*DATASET EXTRACT*:
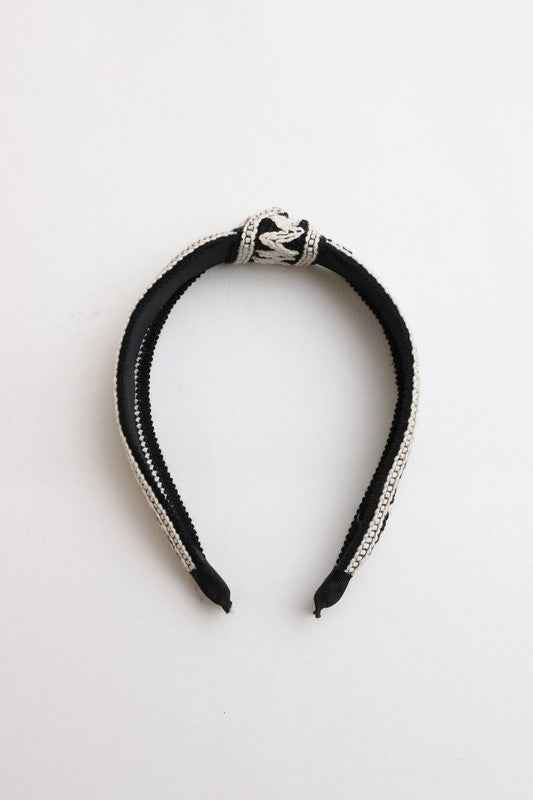 Embroidered Stitch Boho Knotted Headband Black Default 17283831_e0bfb775-f42a-4e28-9cc8-2ccce5d54064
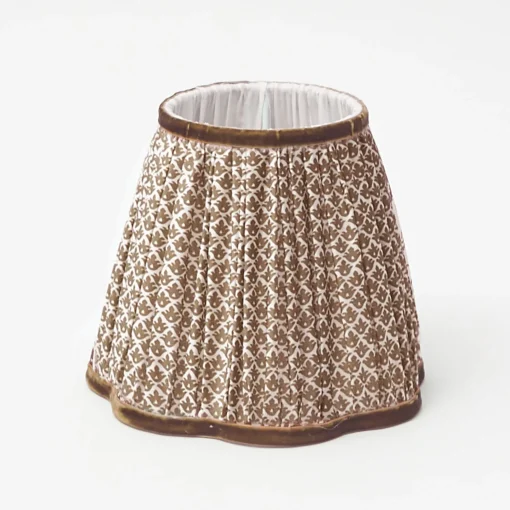 Mrs. Alice Chocolate Lotus Lampshade (18cm)< Lampshades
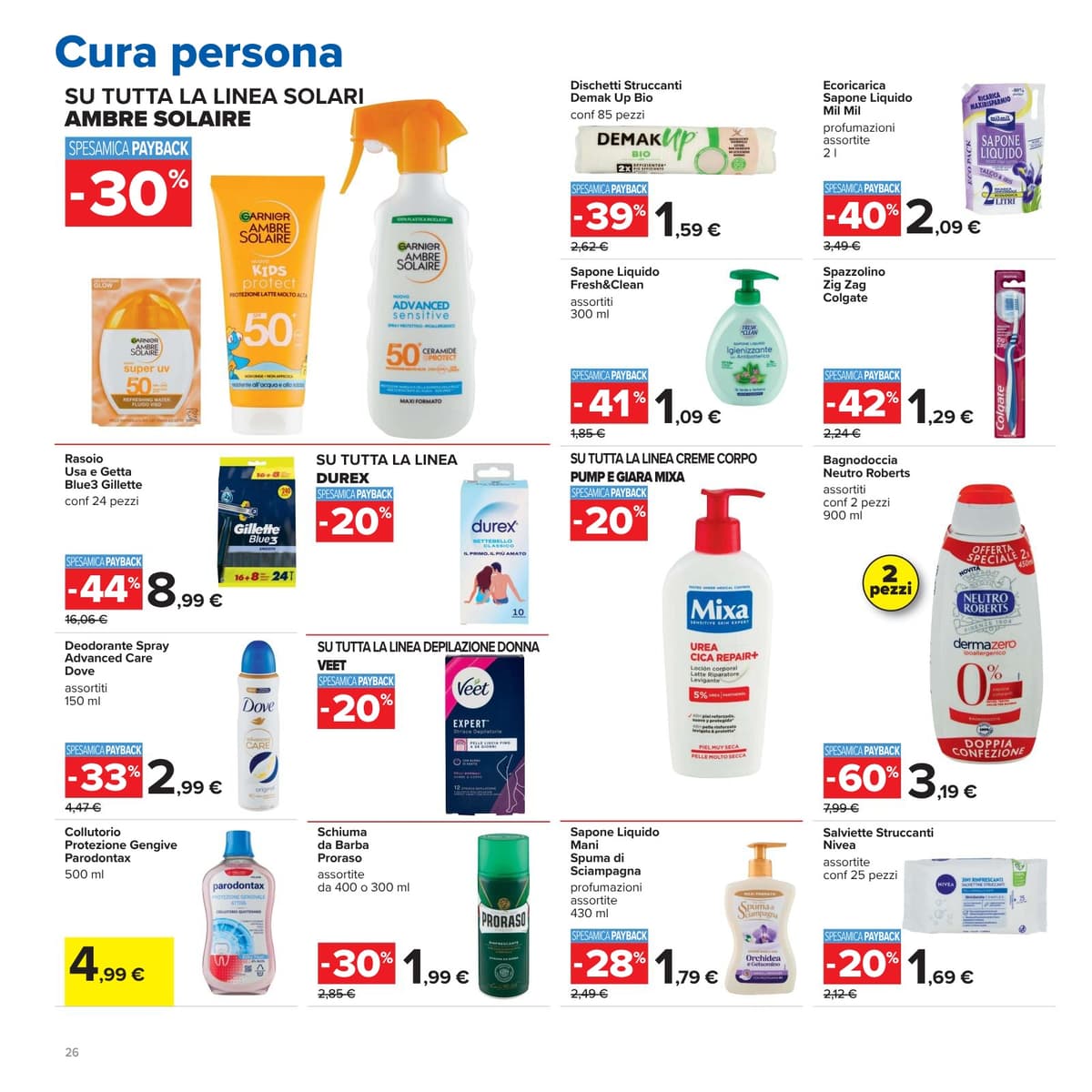 Pagina 26. del volantino Carrefour - Piu prendi meno spendi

*WORK INSTRUCTIONS*: Please repeat every line from the listing above exactly as it appears. Drop the pictures.

*REPLY*:
 Embroidered Stitch Boho Knotted Headband Black Default 17283831_e0bfb775-f42a-4e28-9cc8-2ccce5d54064
 Mrs. Alice Chocolate Lotus Lampshade (18cm)< Lampshades
 Pagina 26. del volantino Carrefour - Piu prendi meno spendi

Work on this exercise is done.